**Record extracts**
┄┄┄┄┄┄┄┄┄┄

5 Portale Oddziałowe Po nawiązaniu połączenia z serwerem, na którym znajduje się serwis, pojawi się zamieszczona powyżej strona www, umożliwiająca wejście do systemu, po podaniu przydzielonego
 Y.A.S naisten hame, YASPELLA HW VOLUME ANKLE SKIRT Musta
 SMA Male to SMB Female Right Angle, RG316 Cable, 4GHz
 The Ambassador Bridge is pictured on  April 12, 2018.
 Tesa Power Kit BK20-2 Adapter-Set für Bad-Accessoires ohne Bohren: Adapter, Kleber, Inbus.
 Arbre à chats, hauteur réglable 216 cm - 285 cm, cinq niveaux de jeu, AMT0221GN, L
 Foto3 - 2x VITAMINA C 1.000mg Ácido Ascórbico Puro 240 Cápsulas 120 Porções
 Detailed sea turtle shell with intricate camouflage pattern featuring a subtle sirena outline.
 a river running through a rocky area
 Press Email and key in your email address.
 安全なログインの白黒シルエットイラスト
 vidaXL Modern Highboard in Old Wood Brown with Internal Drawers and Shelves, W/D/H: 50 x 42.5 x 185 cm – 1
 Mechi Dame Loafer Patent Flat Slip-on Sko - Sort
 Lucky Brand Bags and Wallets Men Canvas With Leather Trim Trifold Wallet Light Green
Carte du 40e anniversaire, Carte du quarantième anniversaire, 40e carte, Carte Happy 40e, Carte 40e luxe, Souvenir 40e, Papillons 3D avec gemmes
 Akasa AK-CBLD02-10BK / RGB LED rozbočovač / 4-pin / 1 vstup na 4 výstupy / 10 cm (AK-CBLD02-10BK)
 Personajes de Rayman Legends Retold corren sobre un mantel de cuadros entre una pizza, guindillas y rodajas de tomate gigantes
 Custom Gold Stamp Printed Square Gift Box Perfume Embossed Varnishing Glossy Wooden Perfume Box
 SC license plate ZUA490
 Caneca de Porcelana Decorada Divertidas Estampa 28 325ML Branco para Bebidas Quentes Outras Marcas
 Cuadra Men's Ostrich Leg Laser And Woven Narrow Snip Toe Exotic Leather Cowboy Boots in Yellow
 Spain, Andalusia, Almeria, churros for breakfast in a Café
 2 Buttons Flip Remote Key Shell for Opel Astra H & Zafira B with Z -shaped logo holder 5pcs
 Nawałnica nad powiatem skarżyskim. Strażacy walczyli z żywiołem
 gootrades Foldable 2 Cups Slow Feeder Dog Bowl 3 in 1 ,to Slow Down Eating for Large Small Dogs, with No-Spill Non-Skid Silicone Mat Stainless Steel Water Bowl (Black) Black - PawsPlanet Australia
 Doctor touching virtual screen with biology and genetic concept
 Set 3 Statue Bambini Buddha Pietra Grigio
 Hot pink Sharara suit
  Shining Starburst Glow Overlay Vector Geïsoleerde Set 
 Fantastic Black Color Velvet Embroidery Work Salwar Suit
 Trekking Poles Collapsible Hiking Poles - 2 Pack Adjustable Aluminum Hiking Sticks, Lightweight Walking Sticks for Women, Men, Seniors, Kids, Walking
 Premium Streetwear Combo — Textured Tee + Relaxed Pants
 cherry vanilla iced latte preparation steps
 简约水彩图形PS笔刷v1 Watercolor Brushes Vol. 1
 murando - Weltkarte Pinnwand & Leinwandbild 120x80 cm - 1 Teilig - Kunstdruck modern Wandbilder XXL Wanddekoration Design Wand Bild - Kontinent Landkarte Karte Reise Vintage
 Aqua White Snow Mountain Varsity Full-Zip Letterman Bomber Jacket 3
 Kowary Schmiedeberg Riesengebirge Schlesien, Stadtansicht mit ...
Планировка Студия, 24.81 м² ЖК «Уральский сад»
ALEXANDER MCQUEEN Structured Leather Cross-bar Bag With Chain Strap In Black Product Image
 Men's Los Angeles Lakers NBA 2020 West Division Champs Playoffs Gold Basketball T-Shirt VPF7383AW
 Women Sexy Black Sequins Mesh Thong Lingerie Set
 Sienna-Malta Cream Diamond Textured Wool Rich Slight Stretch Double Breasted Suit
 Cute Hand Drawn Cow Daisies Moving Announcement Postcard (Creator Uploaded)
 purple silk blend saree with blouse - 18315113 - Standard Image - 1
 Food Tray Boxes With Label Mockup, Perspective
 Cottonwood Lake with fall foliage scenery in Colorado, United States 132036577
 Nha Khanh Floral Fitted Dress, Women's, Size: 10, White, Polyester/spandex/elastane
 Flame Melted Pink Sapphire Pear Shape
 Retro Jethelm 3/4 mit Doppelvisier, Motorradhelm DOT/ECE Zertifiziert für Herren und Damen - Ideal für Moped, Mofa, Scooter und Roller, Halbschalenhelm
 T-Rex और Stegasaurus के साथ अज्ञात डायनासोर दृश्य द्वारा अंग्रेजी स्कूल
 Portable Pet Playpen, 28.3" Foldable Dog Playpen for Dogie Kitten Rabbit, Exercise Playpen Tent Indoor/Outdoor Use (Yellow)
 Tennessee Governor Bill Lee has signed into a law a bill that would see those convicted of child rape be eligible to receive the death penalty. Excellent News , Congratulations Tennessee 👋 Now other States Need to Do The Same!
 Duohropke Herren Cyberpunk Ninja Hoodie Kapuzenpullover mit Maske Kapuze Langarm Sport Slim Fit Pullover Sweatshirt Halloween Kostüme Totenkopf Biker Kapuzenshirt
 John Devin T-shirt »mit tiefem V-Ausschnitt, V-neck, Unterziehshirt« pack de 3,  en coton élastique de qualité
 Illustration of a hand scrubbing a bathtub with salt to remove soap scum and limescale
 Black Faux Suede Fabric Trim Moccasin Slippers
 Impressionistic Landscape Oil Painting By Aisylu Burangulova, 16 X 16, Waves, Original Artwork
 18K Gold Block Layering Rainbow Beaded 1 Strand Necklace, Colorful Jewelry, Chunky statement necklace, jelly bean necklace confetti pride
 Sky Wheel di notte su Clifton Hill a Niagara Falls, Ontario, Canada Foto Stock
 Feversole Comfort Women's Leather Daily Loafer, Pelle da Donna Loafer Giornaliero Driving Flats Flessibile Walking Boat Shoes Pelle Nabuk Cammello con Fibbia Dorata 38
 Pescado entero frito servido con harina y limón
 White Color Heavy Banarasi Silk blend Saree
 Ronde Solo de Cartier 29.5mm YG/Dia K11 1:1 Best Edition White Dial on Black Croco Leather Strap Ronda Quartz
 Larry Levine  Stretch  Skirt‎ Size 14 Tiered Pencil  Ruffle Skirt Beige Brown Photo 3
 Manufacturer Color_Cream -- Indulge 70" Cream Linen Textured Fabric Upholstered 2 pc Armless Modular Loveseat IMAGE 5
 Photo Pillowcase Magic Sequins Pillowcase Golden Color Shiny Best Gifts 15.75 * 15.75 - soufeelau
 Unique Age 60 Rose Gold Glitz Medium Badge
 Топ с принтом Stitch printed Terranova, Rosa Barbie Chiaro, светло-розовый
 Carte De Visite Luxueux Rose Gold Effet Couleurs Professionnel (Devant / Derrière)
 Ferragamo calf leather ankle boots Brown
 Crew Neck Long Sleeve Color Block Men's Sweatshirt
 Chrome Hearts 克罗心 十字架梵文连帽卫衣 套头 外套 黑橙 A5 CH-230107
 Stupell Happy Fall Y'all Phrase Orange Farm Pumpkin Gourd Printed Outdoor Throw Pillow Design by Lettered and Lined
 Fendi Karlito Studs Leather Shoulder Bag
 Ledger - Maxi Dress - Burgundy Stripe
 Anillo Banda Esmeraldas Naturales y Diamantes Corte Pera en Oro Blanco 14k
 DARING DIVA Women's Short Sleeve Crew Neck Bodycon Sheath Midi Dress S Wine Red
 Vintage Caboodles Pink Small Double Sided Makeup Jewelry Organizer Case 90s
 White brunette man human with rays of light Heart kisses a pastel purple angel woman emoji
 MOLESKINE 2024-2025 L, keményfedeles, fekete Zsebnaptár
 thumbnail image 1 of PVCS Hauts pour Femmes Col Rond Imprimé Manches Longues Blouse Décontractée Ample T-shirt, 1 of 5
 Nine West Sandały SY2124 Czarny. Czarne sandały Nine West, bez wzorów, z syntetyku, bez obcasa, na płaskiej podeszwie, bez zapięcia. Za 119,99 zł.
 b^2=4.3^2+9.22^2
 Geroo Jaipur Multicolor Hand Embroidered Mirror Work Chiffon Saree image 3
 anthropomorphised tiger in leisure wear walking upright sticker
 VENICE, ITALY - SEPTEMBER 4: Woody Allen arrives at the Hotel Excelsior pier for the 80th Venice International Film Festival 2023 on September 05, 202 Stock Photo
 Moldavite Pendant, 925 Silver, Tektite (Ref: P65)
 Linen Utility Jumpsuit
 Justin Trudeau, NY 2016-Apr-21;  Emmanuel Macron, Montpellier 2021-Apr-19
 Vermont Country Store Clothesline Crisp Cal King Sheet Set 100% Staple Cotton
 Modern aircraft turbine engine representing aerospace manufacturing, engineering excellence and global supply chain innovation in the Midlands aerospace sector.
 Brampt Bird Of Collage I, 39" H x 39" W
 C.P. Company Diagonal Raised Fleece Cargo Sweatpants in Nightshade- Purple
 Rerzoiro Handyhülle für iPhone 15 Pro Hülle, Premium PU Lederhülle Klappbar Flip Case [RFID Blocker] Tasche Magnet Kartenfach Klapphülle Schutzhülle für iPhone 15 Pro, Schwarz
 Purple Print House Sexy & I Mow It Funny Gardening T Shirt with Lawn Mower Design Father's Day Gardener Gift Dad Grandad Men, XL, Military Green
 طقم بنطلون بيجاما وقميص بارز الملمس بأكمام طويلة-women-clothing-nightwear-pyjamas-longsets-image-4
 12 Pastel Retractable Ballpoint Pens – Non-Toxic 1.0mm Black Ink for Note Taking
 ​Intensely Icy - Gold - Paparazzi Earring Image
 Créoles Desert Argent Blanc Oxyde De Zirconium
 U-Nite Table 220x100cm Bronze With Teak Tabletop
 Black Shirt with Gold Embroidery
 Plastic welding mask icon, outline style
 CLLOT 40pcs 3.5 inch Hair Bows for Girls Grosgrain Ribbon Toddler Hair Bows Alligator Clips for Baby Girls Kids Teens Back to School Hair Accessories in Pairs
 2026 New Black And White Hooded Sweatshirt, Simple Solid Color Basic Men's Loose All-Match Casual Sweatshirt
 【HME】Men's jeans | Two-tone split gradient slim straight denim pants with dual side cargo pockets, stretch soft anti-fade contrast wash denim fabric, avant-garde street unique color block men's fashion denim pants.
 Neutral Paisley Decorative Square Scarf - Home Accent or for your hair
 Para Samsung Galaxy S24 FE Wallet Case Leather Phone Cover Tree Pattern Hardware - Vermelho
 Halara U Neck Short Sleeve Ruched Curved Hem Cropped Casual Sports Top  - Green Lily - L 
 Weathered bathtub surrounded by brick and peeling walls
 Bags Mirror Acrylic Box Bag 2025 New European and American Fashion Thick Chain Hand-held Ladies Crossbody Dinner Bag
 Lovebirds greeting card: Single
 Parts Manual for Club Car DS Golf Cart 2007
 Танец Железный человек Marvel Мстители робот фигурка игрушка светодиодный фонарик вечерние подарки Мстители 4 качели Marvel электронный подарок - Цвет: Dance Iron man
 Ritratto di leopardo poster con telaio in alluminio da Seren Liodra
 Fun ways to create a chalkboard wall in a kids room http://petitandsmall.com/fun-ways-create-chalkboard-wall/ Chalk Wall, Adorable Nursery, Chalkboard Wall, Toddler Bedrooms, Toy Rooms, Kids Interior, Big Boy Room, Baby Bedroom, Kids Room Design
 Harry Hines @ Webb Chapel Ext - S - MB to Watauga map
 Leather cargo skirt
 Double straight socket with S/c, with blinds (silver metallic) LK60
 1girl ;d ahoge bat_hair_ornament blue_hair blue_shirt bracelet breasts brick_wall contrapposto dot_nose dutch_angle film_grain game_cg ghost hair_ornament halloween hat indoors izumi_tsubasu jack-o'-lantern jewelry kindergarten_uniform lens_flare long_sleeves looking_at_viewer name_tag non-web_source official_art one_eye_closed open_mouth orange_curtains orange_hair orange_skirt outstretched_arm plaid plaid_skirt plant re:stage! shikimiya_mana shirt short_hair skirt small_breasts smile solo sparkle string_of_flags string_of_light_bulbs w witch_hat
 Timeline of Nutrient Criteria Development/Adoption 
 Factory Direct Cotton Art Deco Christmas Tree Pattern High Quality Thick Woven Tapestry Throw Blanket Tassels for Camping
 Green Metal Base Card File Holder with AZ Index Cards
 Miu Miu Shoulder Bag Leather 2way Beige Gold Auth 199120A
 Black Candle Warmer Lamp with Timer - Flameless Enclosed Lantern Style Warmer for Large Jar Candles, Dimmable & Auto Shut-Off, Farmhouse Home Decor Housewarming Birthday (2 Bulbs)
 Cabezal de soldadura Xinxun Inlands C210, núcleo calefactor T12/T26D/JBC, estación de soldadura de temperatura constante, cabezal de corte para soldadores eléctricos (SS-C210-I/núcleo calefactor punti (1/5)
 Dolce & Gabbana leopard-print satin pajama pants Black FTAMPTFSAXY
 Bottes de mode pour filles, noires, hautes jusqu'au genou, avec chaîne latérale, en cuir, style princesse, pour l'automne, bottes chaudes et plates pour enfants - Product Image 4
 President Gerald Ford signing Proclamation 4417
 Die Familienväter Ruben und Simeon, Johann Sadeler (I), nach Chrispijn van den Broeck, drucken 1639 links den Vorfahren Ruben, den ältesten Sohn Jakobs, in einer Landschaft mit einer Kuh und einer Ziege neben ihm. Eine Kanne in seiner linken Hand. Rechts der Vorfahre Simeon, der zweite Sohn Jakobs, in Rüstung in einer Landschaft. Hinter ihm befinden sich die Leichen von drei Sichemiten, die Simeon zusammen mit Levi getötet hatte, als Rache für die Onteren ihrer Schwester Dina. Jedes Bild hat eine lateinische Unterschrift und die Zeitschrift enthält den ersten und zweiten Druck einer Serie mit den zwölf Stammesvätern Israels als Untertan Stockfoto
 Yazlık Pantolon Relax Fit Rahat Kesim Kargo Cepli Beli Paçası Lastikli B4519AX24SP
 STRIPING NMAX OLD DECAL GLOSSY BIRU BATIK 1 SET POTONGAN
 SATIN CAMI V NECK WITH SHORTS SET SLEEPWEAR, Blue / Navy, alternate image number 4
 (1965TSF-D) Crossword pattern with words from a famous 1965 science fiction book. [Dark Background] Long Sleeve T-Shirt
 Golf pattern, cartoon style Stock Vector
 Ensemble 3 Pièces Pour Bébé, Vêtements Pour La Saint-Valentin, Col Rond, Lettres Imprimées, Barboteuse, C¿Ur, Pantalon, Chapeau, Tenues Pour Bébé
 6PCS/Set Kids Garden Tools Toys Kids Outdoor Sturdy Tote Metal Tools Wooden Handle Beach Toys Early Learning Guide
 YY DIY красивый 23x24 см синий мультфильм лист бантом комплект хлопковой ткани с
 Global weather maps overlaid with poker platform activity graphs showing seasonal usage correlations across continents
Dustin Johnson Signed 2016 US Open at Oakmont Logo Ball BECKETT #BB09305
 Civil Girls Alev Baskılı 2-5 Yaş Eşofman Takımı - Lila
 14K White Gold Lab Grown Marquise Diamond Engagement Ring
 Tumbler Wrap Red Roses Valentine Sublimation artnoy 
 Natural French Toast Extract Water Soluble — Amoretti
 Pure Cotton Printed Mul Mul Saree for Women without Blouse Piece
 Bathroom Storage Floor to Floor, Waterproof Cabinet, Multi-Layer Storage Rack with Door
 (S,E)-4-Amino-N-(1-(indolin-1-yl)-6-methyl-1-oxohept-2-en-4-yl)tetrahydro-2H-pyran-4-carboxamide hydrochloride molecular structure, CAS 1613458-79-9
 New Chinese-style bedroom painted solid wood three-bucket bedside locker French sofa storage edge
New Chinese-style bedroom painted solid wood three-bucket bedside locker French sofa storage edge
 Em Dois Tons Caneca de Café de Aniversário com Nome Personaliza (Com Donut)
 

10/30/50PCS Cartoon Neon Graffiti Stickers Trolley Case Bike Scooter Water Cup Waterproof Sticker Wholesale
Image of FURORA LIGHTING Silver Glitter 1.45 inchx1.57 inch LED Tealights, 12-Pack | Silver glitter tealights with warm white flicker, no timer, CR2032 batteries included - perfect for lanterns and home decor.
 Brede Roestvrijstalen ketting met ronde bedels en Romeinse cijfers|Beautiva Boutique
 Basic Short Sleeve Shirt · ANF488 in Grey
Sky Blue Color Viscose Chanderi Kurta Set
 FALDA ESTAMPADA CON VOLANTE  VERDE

┄┄┄┄┄┄┄┄┄┄

**What is expected**
Would you output, unchanged, each line from the start of the records to the line that holds "vidaXL Modern Highboard", both included and nothing else?

**Finished task**
5 Portale Oddziałowe Po nawiązaniu połączenia z serwerem, na którym znajduje się serwis, pojawi się zamieszczona powyżej strona www, umożliwiająca wejście do systemu, po podaniu przydzielonego
 Y.A.S naisten hame, YASPELLA HW VOLUME ANKLE SKIRT Musta
 SMA Male to SMB Female Right Angle, RG316 Cable, 4GHz
 The Ambassador Bridge is pictured on  April 12, 2018.
 Tesa Power Kit BK20-2 Adapter-Set für Bad-Accessoires ohne Bohren: Adapter, Kleber, Inbus.
 Arbre à chats, hauteur réglable 216 cm - 285 cm, cinq niveaux de jeu, AMT0221GN, L
 Foto3 - 2x VITAMINA C 1.000mg Ácido Ascórbico Puro 240 Cápsulas 120 Porções
 Detailed sea turtle shell with intricate camouflage pattern featuring a subtle sirena outline.
 a river running through a rocky area
 Press Email and key in your email address.
 安全なログインの白黒シルエットイラスト
 vidaXL Modern Highboard in Old Wood Brown with Internal Drawers and Shelves, W/D/H: 50 x 42.5 x 185 cm – 1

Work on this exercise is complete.